I didn’t want to go full-bore into electric and spend $60 grand on a car that I didn’t know I wanted to keep. After looking at the market—I couldn’t find a VW e-Golf or a Hyundai Kona EV to even test drive—I settled on a Kia Niro PHEV. For those who aren’t up on the electric acronyms, that means “plug-in hybrid.” It’s a hybrid electric and gas vehicle that allows the battery to be charged using a car charger. I leased it for three years to see if it fit my lifestyle. The payment was reasonable, and so was the insurance.
I didn’t buy my EV because I am a tithe-paying member of the church of Climate Change. I am a skeptic that somehow the world will pivot away from fossil fuel in just 50 years, and more skeptical that every weather pattern, hurricane, or drought today is the product of my personal carbon footprint. I do believe that our dependence on CO2-creating activities is contributing to some bad trends over time, but it’s far more damaging that the Chinese are the world’s biggest cement producer, and cement production contributes 8% of the total of CO2—bigger than every country except the U.S. and China itself. My driving an electric vehicle is a negligible effect, whether Stephen Colbert’s conscience thinks so or not.
For three years, my Niro PHEV got me to work and back, most of the 19-miles each way on the small battery. At full charge, the battery took me between 24 and 30 miles, depending on my driving style, use of heat or air conditioning, the weather, and road conditions. If I was willing to freeze or sweat, I could make the trip to work with zero use of the internal combustion engine. When the battery reached 15% charge, the car converted to “hybrid” mode and ran the 1.6L gas engine as necessary.

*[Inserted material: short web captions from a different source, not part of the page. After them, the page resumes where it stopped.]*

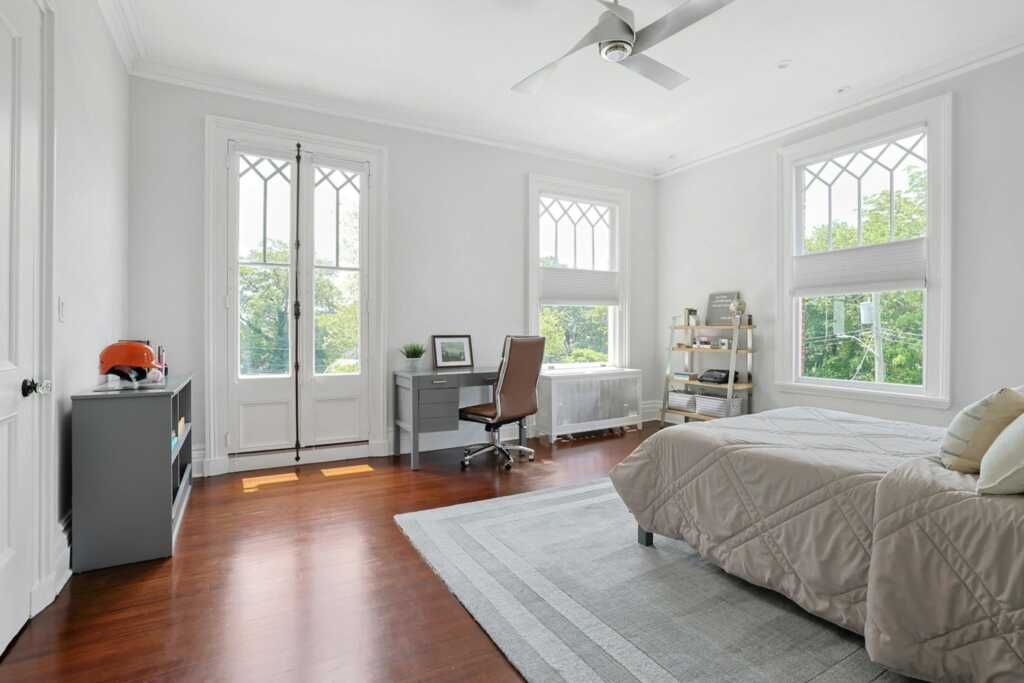 15 Calton Lane, New Rochelle, NY 10804 - Photo 24 of 36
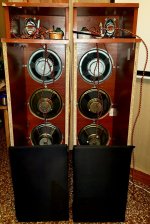 72655553_1388092338014996_8271670480209969152_n (1).jpg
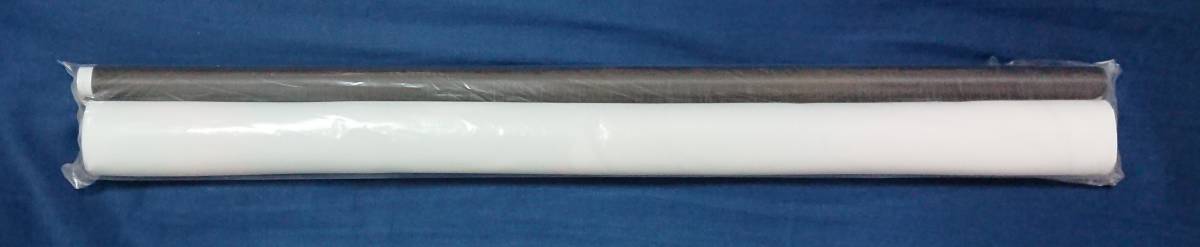 ○新品未開封 B2タペストリー 正規品 / Tony T2 art works c89 愛玩 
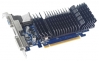 ASUS GeForce 210 589Mhz PCI-E 2.0 1024Mo 1200Mhz 32 bit DVI HDMI HDCP avis, ASUS GeForce 210 589Mhz PCI-E 2.0 1024Mo 1200Mhz 32 bit DVI HDMI HDCP prix, ASUS GeForce 210 589Mhz PCI-E 2.0 1024Mo 1200Mhz 32 bit DVI HDMI HDCP caractéristiques, ASUS GeForce 210 589Mhz PCI-E 2.0 1024Mo 1200Mhz 32 bit DVI HDMI HDCP Fiche, ASUS GeForce 210 589Mhz PCI-E 2.0 1024Mo 1200Mhz 32 bit DVI HDMI HDCP Fiche technique, ASUS GeForce 210 589Mhz PCI-E 2.0 1024Mo 1200Mhz 32 bit DVI HDMI HDCP achat, ASUS GeForce 210 589Mhz PCI-E 2.0 1024Mo 1200Mhz 32 bit DVI HDMI HDCP acheter, ASUS GeForce 210 589Mhz PCI-E 2.0 1024Mo 1200Mhz 32 bit DVI HDMI HDCP Carte graphique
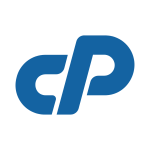 cPanel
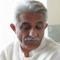 Samiullah Bajwa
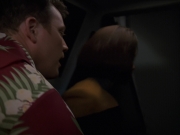 Filename=extant_StarTrek_VOY_7x24-RenaissanceMan_0432.jpg
Filesize=102KiB
Dimensions=1200x900
Date added=Jan 16, 2020 extant_StarTrek_VOY_7x24-RenaissanceMan_0432.jpg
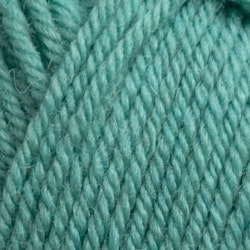 Ulrika - 307083 mint leaf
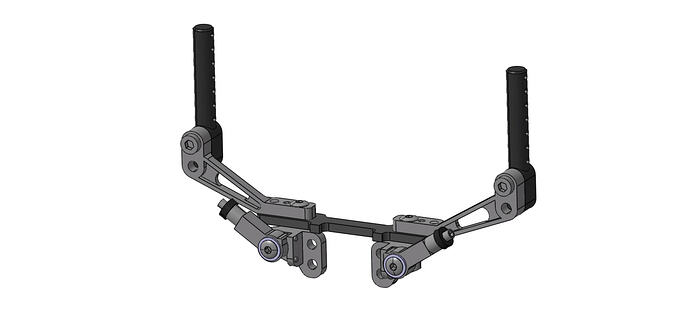 600332978_794390300312797_3737940531881961675_n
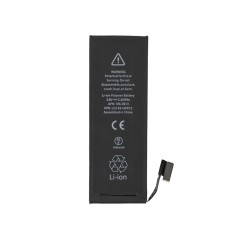 iPhone 5 batteri - OEM quality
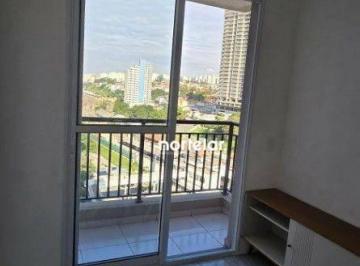 0d55a60db3ce2e283f4c26b1659b0d4e9d5062c2 · Apartamento com 2 quartos à venda, 39 m² - Pirituba - São Paulo/SP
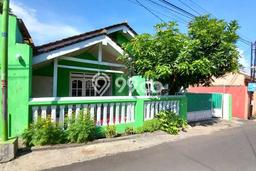 Jual Rumah Strategis Bagus Punya 3 KT di Banyuwangi Banyuwangi SHM Jual Rumah Strategis Bagus Punya 3 KT di Banyuwangi Banyuwangi SHM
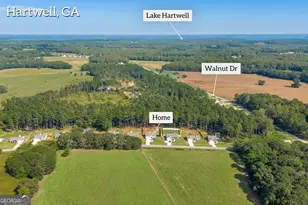 2868 Mt Hebron Rd, Hartwell, GA 30643 - Photo 44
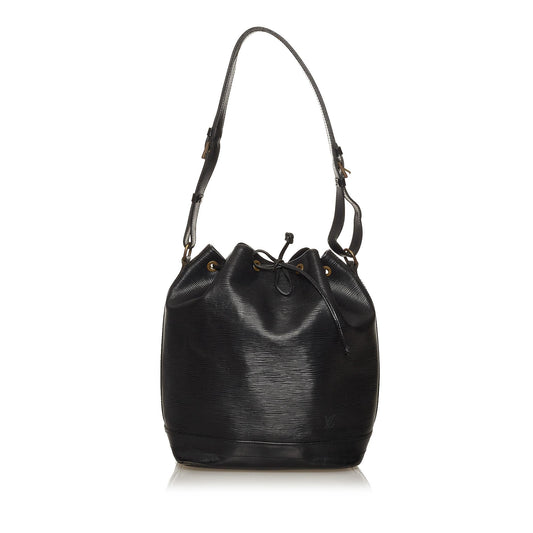 Louis Vuitton Epi Noe (SHG-29280)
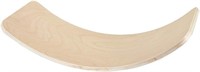 *Dreambeauty 32 Inch Wooden Balance Board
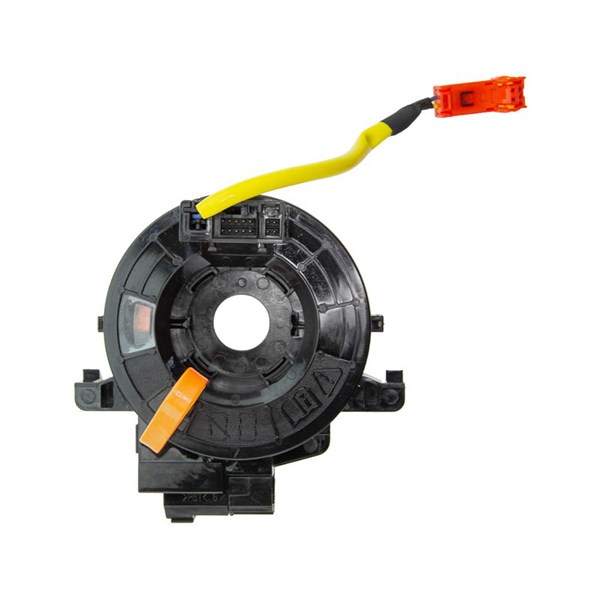 Klockfjäder, airbag Nty EAS-TY-026 NTY Klockfjäder, airbag Nty EAS-TY-026 NTY
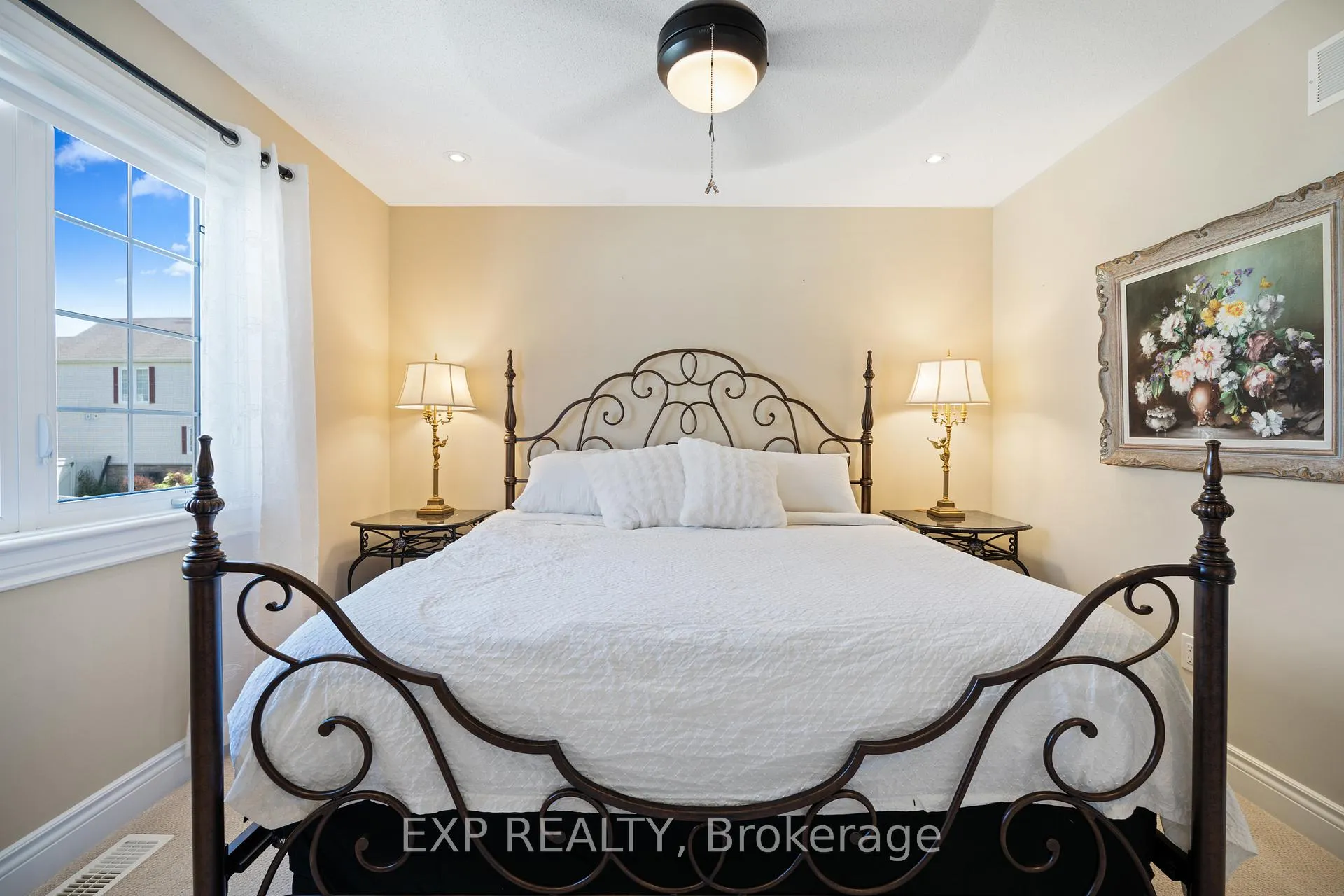 Photo 26 of 580 Pinawa Circle, Ottawa, Barrhaven - Stonebridge — HOMEH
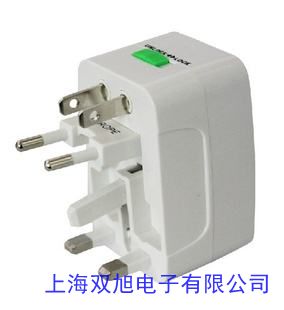 ձдKEW8008Qm|(zh)D(zhun)Q
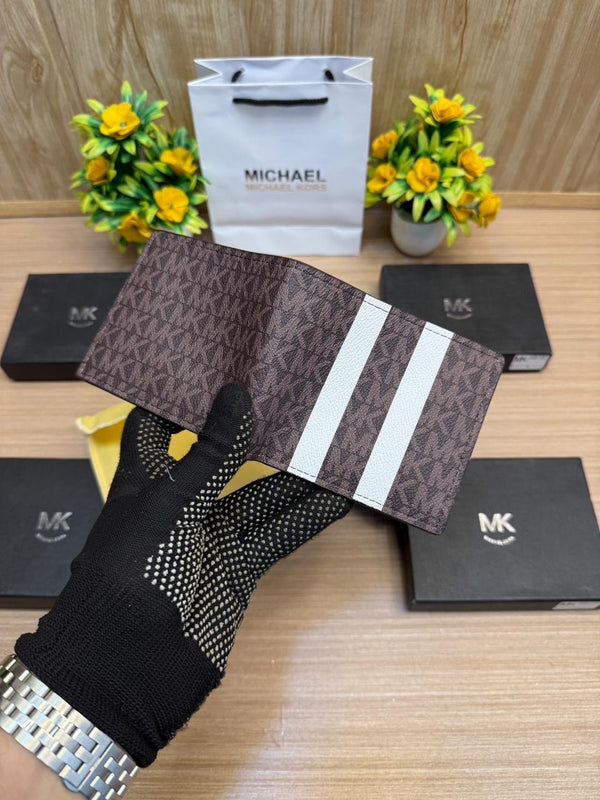 MICHAEL_KORS_Wallet_V863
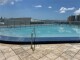 MarinaBlueRealty.com | Unit #3107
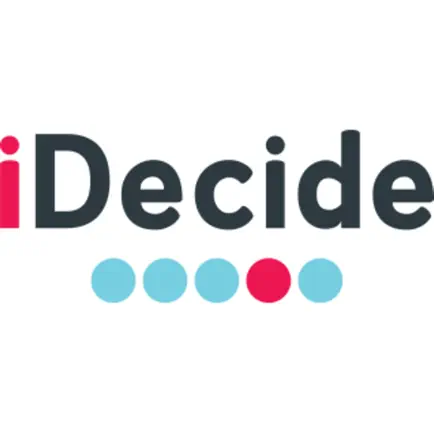 iDecideEU Читы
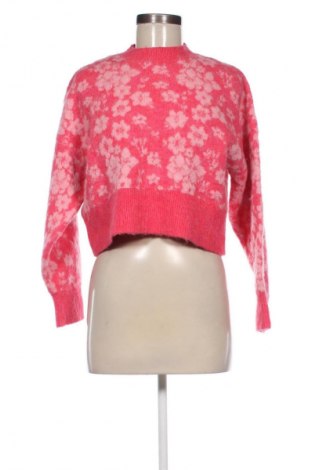 Női pulóver Zara, Méret S, Szín Sokszínű, Ár 5 785 Ft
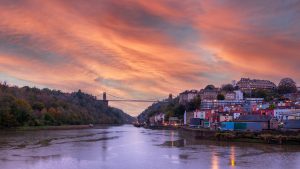 Montpellier-Bristol : easyJet lance une nouvelle ligne directe dès l'été 2027 47 - MontpelYeah Magazine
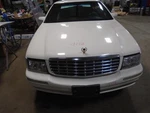 Deville 1997 Jack 1292493 Used. Price: $62.50.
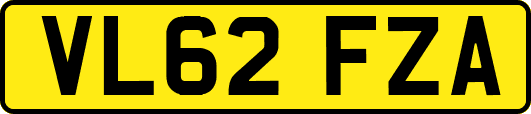 VL62FZA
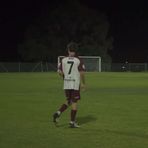 Oliver Yates - Facebook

The Niro was a useful commuter car, not particularly luxurious, quiet, or fast. On 10-gallon fill-up, it would go around 600 miles of commuting. On the highway, it was essentially a hybrid, but mostly a gas-powered little hatchback. After three years, I felt I was ready for a full-electric. Not so much me, but America—our EV infrastructure, technology, and market. I’m glad I didn’t get a Tesla in 2019. A Model 3, or Y, would feel like a compromise I didn’t want to make.
Kia announced the EV6 in early 2021, launching first in Korea and Europe. I ordered the American-market First Edition in June, when the website opened to take reservations. There were only 1500 made, and they are loaded, dual-motor GT-line (300+ HP) monsters. I picked up the car the day before its Super Bowl ad played. Yes, it was a $60k car, and no negotiations. The EV6 FE has been selling for around ten thousand above sticker, so I was lucky to get it at the sticker price (having the reservation helped).
The difference between driving a PHEV and a full EV are significant, and even psychological. Driving the PHEV, I didn’t care if the battery drained. I had gas in the tank, and if that got low, I could buy another 10 gallons. In an EV, the words “range anxiety” take on real meaning. That big number on the dash is always on my mind.
That number lies. Not so much lying on purpose, but it’s the result of an algorithm, not a prediction of how far you’re going. I believe Teslas have a very sophisticated algorithm that will plan an entire road trip, taking into account the weather, driving conditions, the driver’s style, and planning sufficient charging stops. It’s possible Kia has something like this, but honestly I haven’t had the car long enough to receive the Bachelor’s Degree in EV driving necessary to know.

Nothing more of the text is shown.